- PyTorch 1.x Reinforcement Learning Cookbook
- Yuxi (Hayden) Liu
- 380字
- 2021-06-24 12:34:46
How to do it...
Let's develop a policy evaluation algorithm and apply it to our study-sleep-game process as follows:
- Import PyTorch and define the transition matrix:
>>> import torch
>>> T = torch.tensor([[[0.8, 0.1, 0.1],
... [0.1, 0.6, 0.3]],
... [[0.7, 0.2, 0.1],
... [0.1, 0.8, 0.1]],
... [[0.6, 0.2, 0.2],
... [0.1, 0.4, 0.5]]]
... )
- Define the reward function and the discount factor (let's use 0.5 for now):
>>> R = torch.tensor([1., 0, -1.])
>>> gamma = 0.5
- Define the threshold used to determine when to stop the evaluation process:
>>> threshold = 0.0001
- Define the optimal policy where action a0 is chosen under all circumstances:
>>> policy_optimal = torch.tensor([[1.0, 0.0],
... [1.0, 0.0],
... [1.0, 0.0]])
- Develop a policy evaluation function that takes in a policy, transition matrix, rewards, discount factor, and a threshold and computes the value function:
>>> def policy_evaluation(
policy, trans_matrix, rewards, gamma, threshold):
... """
... Perform policy evaluation
... @param policy: policy matrix containing actions and their
probability in each state
... @param trans_matrix: transformation matrix
... @param rewards: rewards for each state
... @param gamma: discount factor
... @param threshold: the evaluation will stop once values
for all states are less than the threshold
... @return: values of the given policy for all possible states
... """
... n_state = policy.shape[0]
... V = torch.zeros(n_state)
... while True:
... V_temp = torch.zeros(n_state)
... for state, actions in enumerate(policy):
... for action, action_prob in enumerate(actions):
... V_temp[state] += action_prob * (R[state] +
gamma * torch.dot(
trans_matrix[state, action], V))
... max_delta = torch.max(torch.abs(V - V_temp))
... V = V_temp.clone()
... if max_delta <= threshold:
... break
... return V
- Now let's plug in the optimal policy and all other variables:
>>> V = policy_evaluation(policy_optimal, T, R, gamma, threshold)
>>> print(
"The value function under the optimal policy is:\n{}".format(V))

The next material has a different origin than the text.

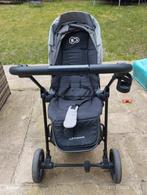 Poussette KinderKaft, Enfants & Bébés, Enlèvement, Poussette
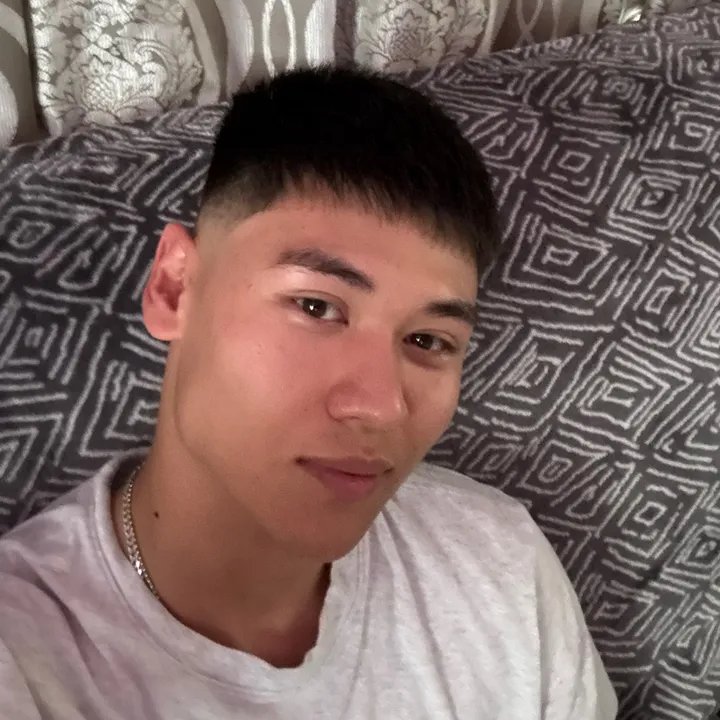 @sooshigold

The value function under the optimal policy is:
tensor([ 1.6786, 0.6260, -0.4821])
This is almost the same as what we got using matrix inversion.
- We now experiment with another policy, a random policy where actions are picked with the same probabilities:
>>> policy_random = torch.tensor([[0.5, 0.5],
... [0.5, 0.5],
... [0.5, 0.5]])
- Plug in the random policy and all other variables:
>>> V = policy_evaluation(policy_random, T, R, gamma, threshold)
>>> print(
"The value function under the random policy is:\n{}".format(V))
The value function under the random policy is:
tensor([ 1.2348, 0.2691, -0.9013])